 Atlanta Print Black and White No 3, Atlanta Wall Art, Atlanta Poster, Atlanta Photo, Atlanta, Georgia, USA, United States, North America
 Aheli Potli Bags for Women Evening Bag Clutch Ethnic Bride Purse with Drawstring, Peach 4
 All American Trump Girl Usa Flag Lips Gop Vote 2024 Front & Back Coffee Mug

=-=-=

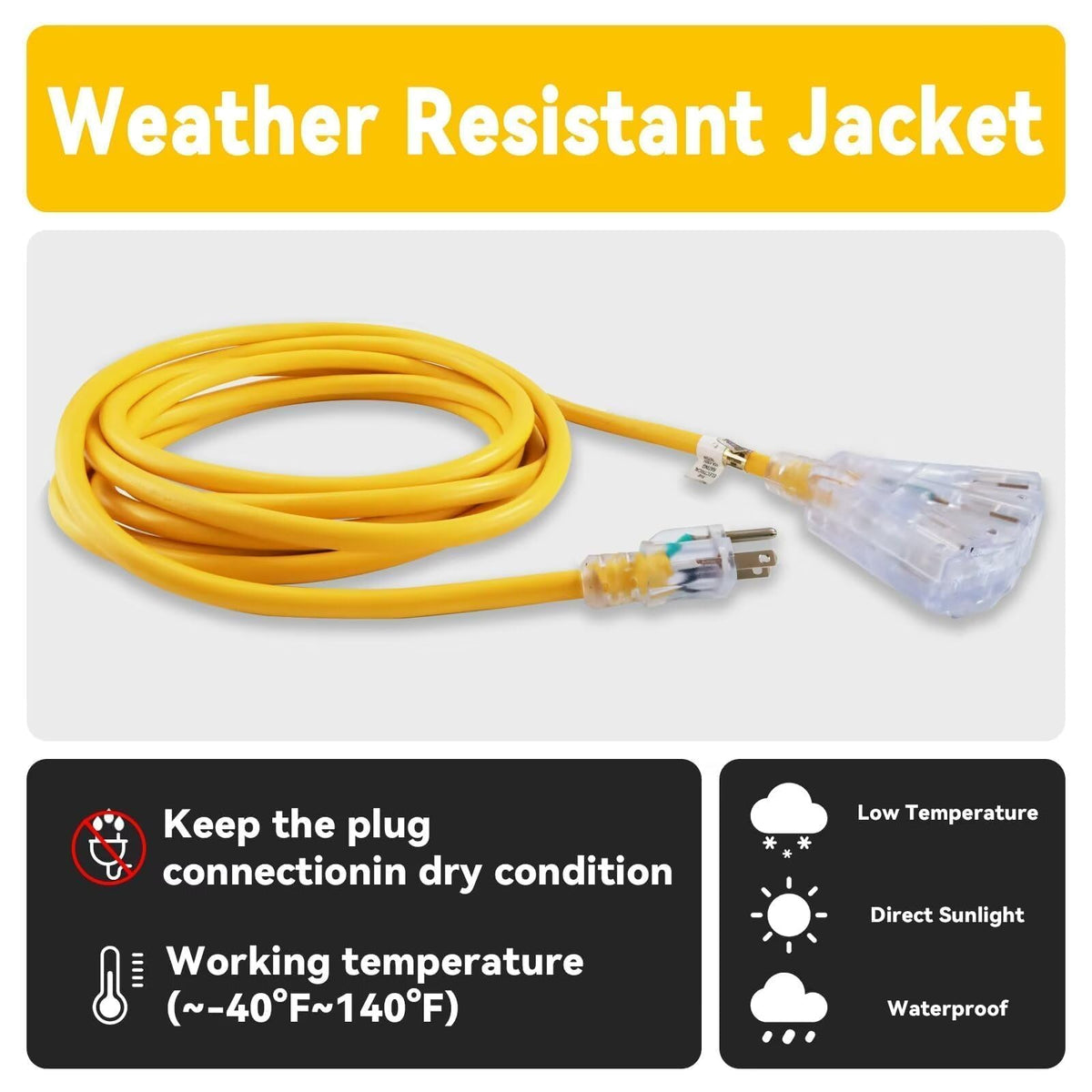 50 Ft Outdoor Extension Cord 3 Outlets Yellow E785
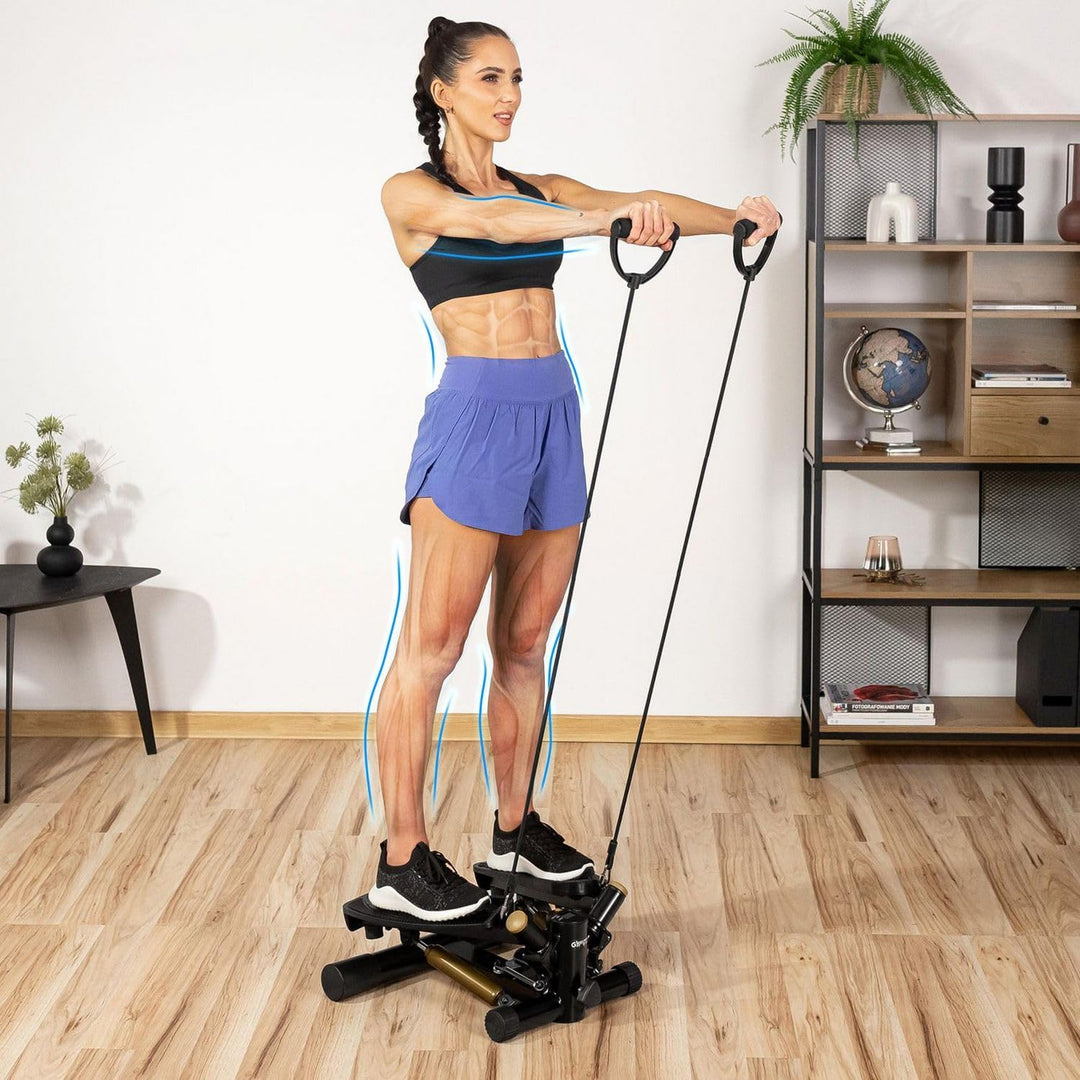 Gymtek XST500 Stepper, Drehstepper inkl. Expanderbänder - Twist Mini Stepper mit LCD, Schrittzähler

=-=-=

▶ What the task asks: Using the records above, set down exactly the lines from the one with "Atlanta Print Black" through the one with "All American Trump", inclusive, and nothing more.

▶ Completed task:
 Atlanta Print Black and White No 3, Atlanta Wall Art, Atlanta Poster, Atlanta Photo, Atlanta, Georgia, USA, United States, North America
 Aheli Potli Bags for Women Evening Bag Clutch Ethnic Bride Purse with Drawstring, Peach 4
 All American Trump Girl Usa Flag Lips Gop Vote 2024 Front & Back Coffee Mug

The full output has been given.